Studio album by Anthony Rapp
- Released: October 1, 2000
- Recorded: ?
- Genre: Alternative rock, pop rock
- Length: 46:24
- Label: Pai Gow Productions
- Producer: Joe Pisapia, John Keaney & Michael Corbett

= Look Around (Anthony Rapp album) =

Look Around is the first full-length album by American actor/singer Anthony Rapp, known as a singer for his performance as Mark Cohen in the musical Rent and the film adaptation of the musical.
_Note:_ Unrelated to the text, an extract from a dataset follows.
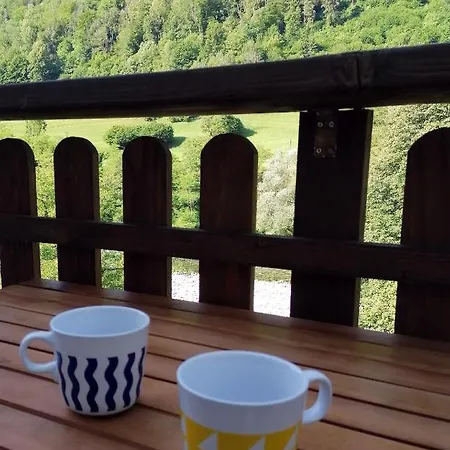 Pocitniska Hiska Medvejke 度假居 Slap ob Idrijci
It was released on October 1, 2000.

==Track listing==
1. "Living Alive" – 3:48 (Pisapia & Rapp)
2. "Look Around" – 3:52 (Pisapia & Rapp)
3. "Then Again" – 2:42 (Rapp)
4. "Human Tornado" – 2:35 (Keaney & Rapp)
5. "Always" – 4:06 (Keaney & Rapp)
6. "Just Some Guy" – 4:03 (Pisapia & Rapp)
7. "Goodbye" – 2:35 (Pisapia & Rapp)
8. "Room To Breathe" – 4:15 (Blum & Safran)
9. "Lesson #1" – 4:06 (Marshall Crenshaw)
10. "Visits To You" – 4:23 (Pisapia & Rapp)
11. "Out Out Damn Spot" – 4:14 (Pisapia)
12. "Now I Know" – 5:45 (Rapp)

==Credits==
===Tracks 1–6, 8, 12===
- Vocals – Anthony Rapp
- Guitar – Joe McMahan
- Bass – David Jacques
- Drums – Jimmy Lester

====Additional musicians====
- John Keaney – Guitar on 1, 3, 4, & 5, and piano 3, 5 & 8
- Michael Corbett – Keyboards on 5 & 12, Organ on 4
- Keith Lowen – backing vocals on 4 & 7
- Eric Fritsch – Guitar on 1, 3 & 12
- Joe Pisapia – Guitar on 2 & 6, back vocals on 4, 6, & 7
- Adam Blum – Guitar on 8
- David Henry – Cello on 5 & 8
- John Painter – Flugelhorn on 2 & 6
- Sam Smith – Drums on 3

===Tracks 7, 9, 10, 11===
- Guitar, Keyboards, Lap Steel, and Vibes – Joe Pisapia
- Bass – James "Hags" Haggerty
- Drums – Marc Pisapia

====Additional musicians====
- David Henry – Cello on 10
- Katie Cook, Allison Pierce, & Catherine Pierce – Backing Vocals on 11

==About the CD==
Look Around is Anthony Rapp's first CD.

==About the Songs==
A few of the songs deal with the death of Rapp's mother including "Always", and "Visits to You".

==About the Music Video==
There is a music video of "Out Out Damn Spot". It can be viewed when the CD is put in a computer.